Page 24 of the Nettie Parks album.
Little Harry Summit standing in a chair. I wonder if he is related to Gilbert and Lueanna ( Lu Emma) Summit? We did not have any photos of them..but their photographs were in this album at one time..empty pages 10 and 11.
This is a cabinet card from Hooton’s Studio Macedonia, Ia. and Carson, Iowa. I will guess that this photograph was taken in the 1890’s. ( Update: Harry was born in 1887.. If he was two in this photo the year would be 1889)
A reader by the name of Star asked this question:
How much did it cost to have these cabinet photos taken? How much would it have cost to have one's portrait painted by a various range of painters (local/naive, talented/unknown, known/famous)? What was the average yearly wage of a range of people shown in the photos? Obviously, photography made portraits available to a much wider range of people, while the cost of a lady's dress in a Sear's catalogue of the turn of the century continually pops back into my mind (if I'm not remembering incorrectly, it was something like $6!!!). I'd like to be able to put all these marvelous photos in perspective. Do you, or your readers, have some hard facts (and reliable sources) that will help me?
I responded that Tintypes were a penny a piece..they were the photograph that was readily available to everyday people and Tintypists were often traveling photographers in the late 1800’s. Real Photo Postcards were a penny each in the early 1900’s, and they cost another penny to mail.

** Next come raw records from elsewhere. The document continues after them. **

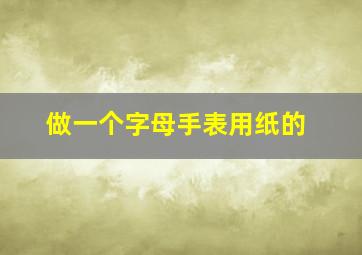 做一个字母手表用纸的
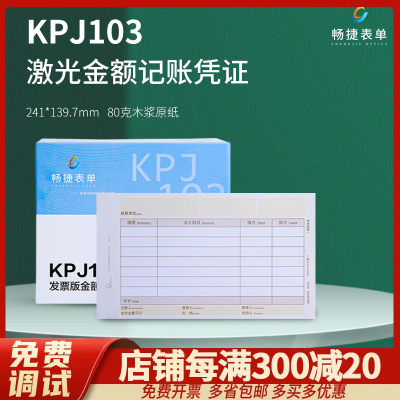 金蝶用友通用KPJ103专票版加厚激光金额记账打印凭证纸财务帐会计畅捷通财务会计T3T6U8NC 240*140畅捷表单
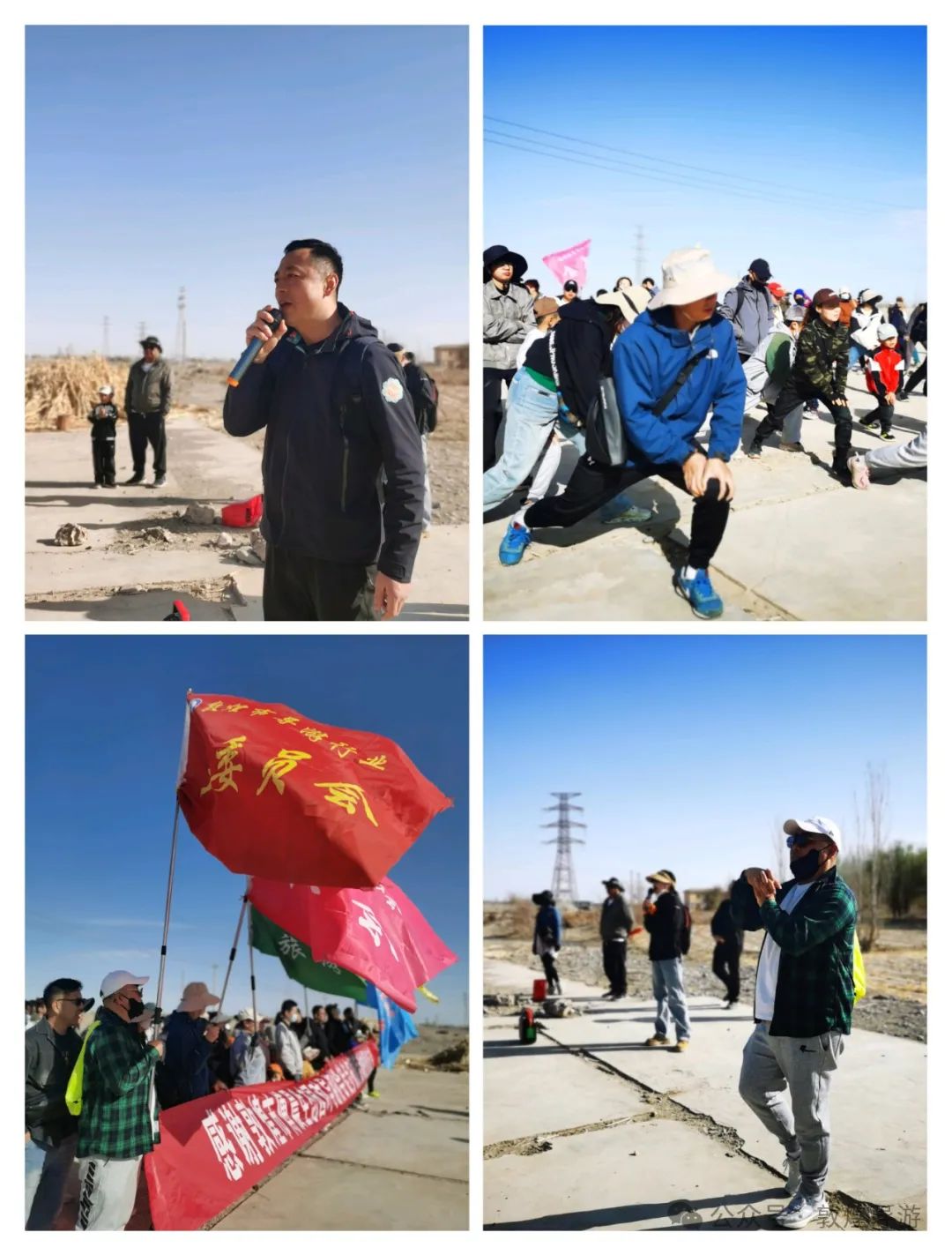敦煌露营不花钱_敦煌露营基地怎么样安全吗_敦煌徒步露营安全须知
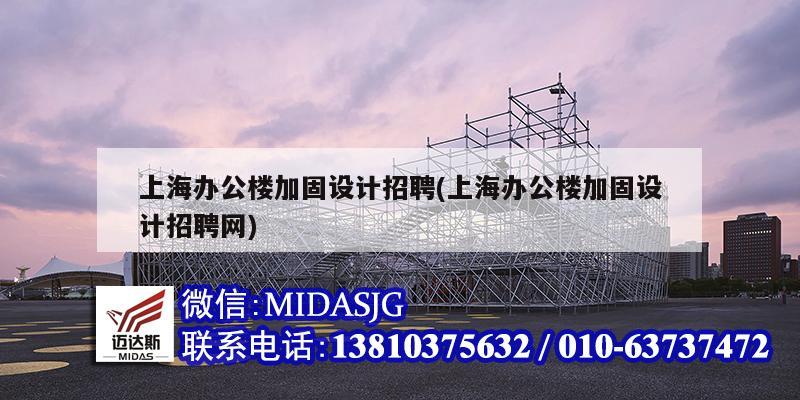 上海辦公樓加固設計招聘(上海辦公樓加固設計招聘網)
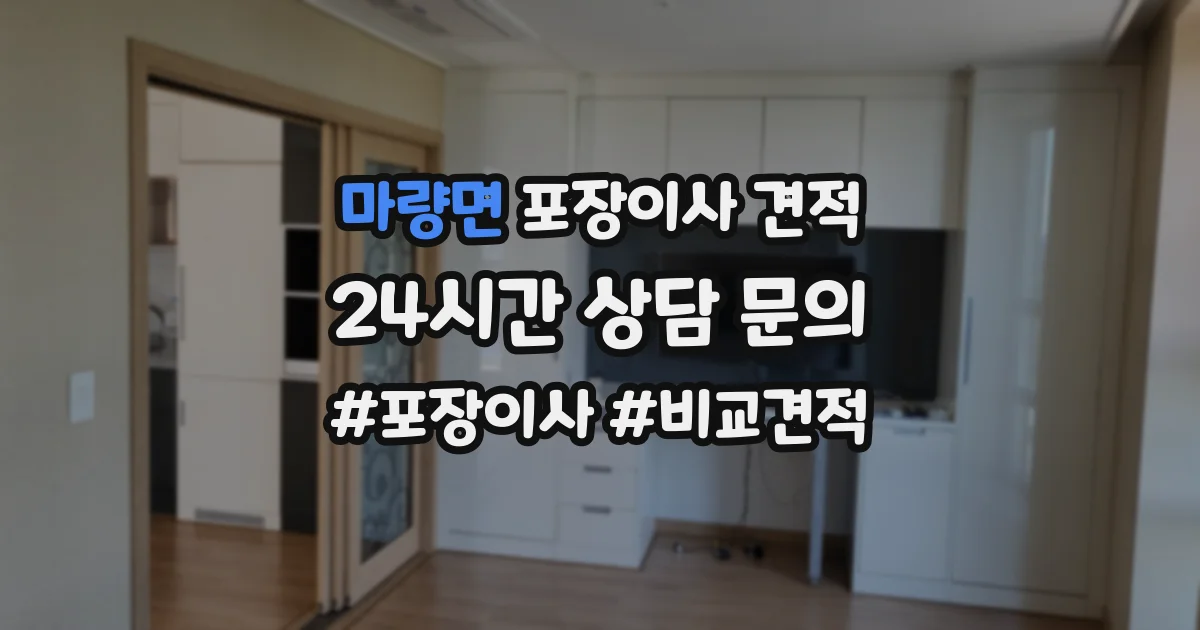 마량면 포장이사 견적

Does anyone know what a sitting fee was to have a cabinet card made, or the cost of the individual cards? Update: Iggy found an article that said that Cabinet Cards were about 6 dollars a dozen or 50 cents each.
Thanks for stopping by, do come again:)
Update from Iggy:
Harry L. Summitt was born in October 2, 1887 to Gilbert and Luanna Summitt. His brothers and sisters were Alta (Jan 1890), Roy G (Mar 1892), Lena B (Jul 1893), and James M Summitt (May 1895).
He married Oliva Belle Wigginton (b. 1893 in Macedonia, Iowa) on 30 May 1917. At that time, his mother's name is given as Maud Rayburn. In the 1910 US census, Harry is shown living alone with with sister Alta and "widowed" Elizabeth Rayburn (b. abt 1833 in Illinois). Olive's parents were listed on the marriage record as Chas. W. Wigginton and Isadore E. Jackson.
Harry died August 1964 apparently still in Iowa.